### [Work to complete]
Set down a faithful copy of every record below, with no images.

*** Data for review Section Begins ***

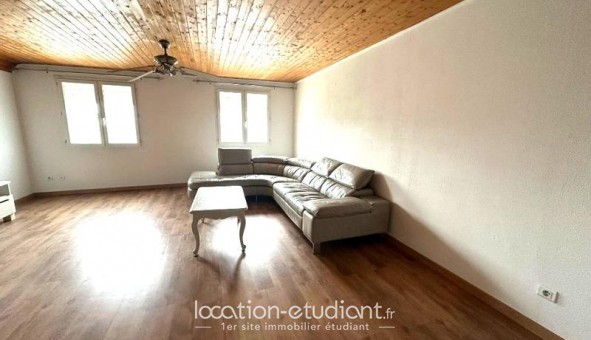 Logement �tudiant Chambre &agrave; Eysines (33320)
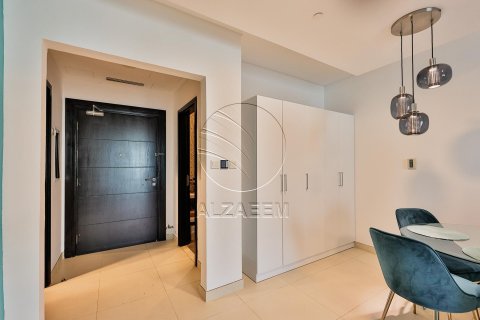 Byt v Al Reem Island, Abu Dhabi, SAE 1 ložnice, 72 m² Č.: 615398 - fotografie 6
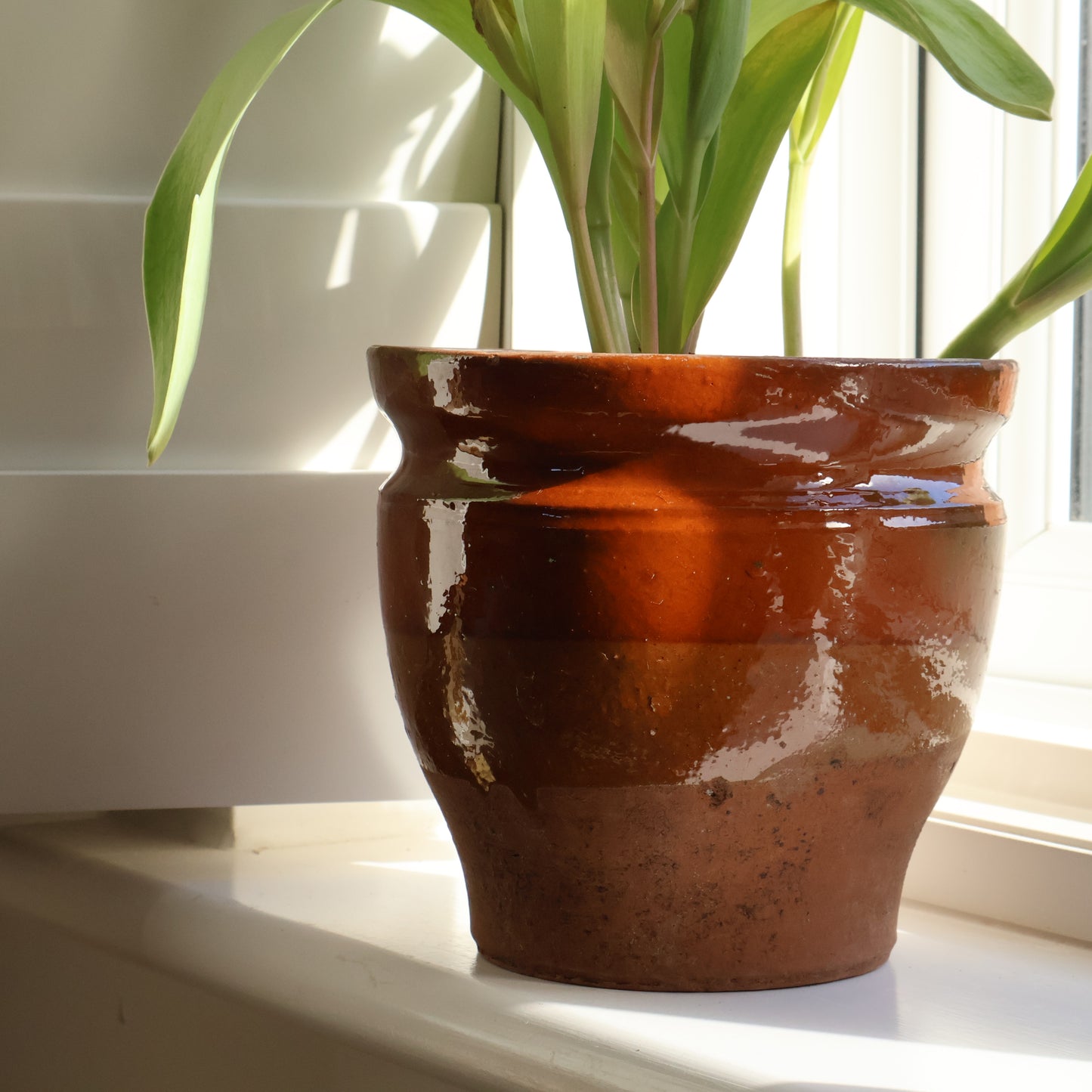French pot - Virel
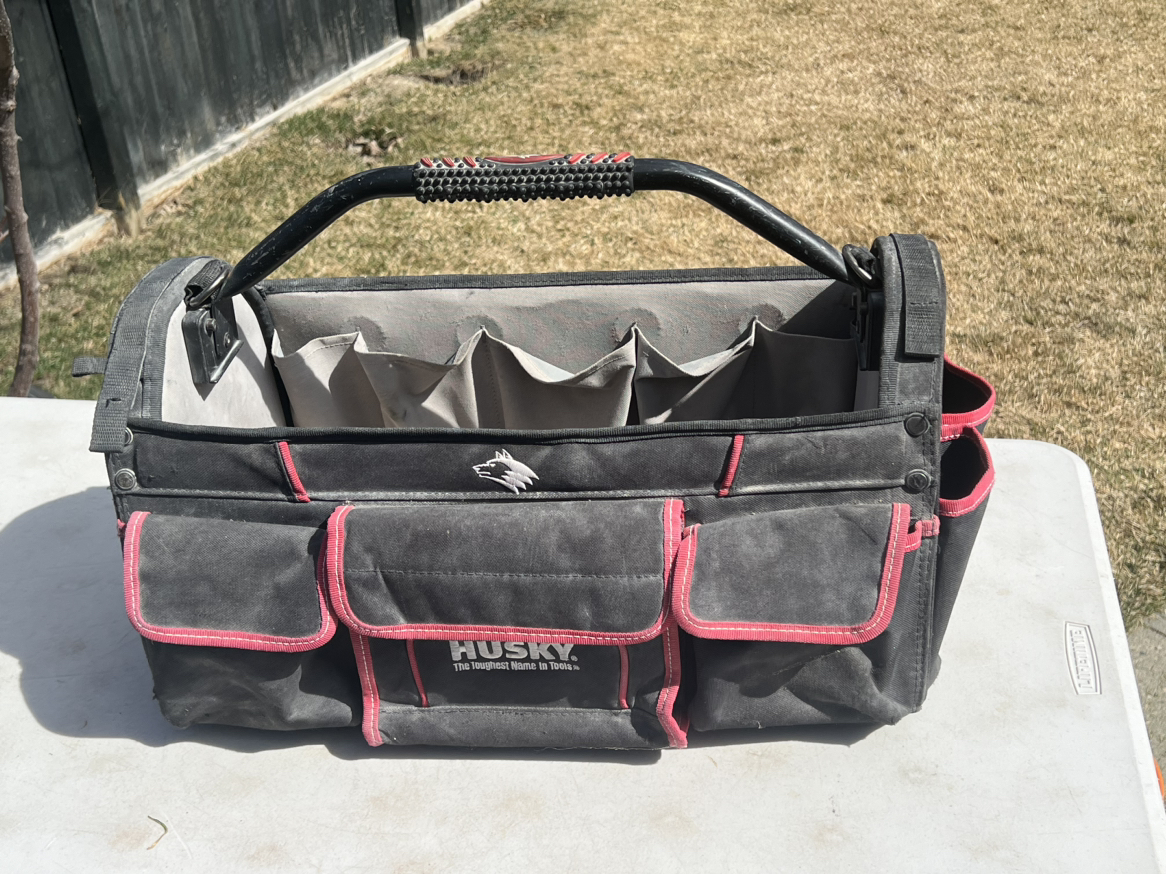 Tool bag - photo 3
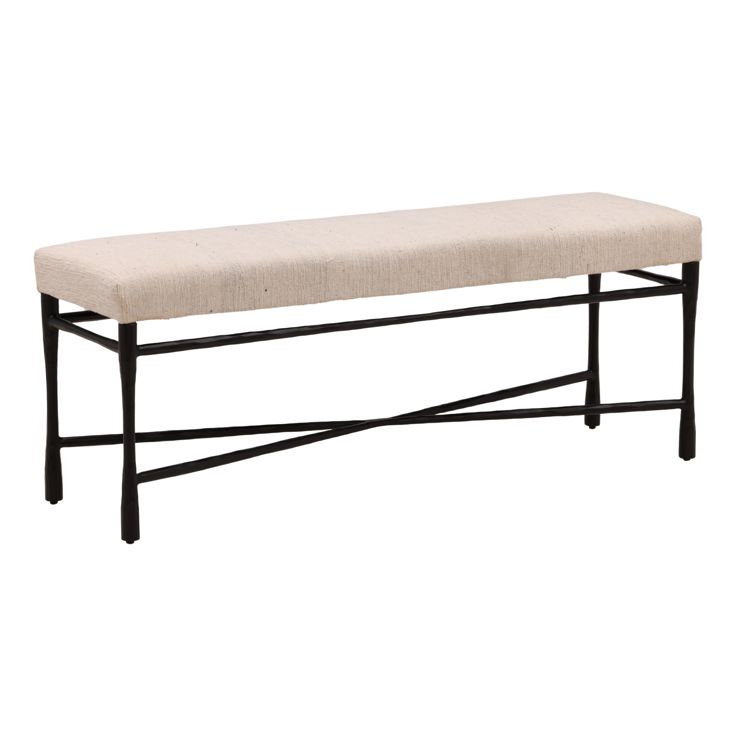 Trystan Bench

*** Data for review Section Ends ***

### [Exercise solution]
 Logement �tudiant Chambre &agrave; Eysines (33320)
 Byt v Al Reem Island, Abu Dhabi, SAE 1 ložnice, 72 m² Č.: 615398 - fotografie 6
French pot - Virel
 Tool bag - photo 3
 Trystan Bench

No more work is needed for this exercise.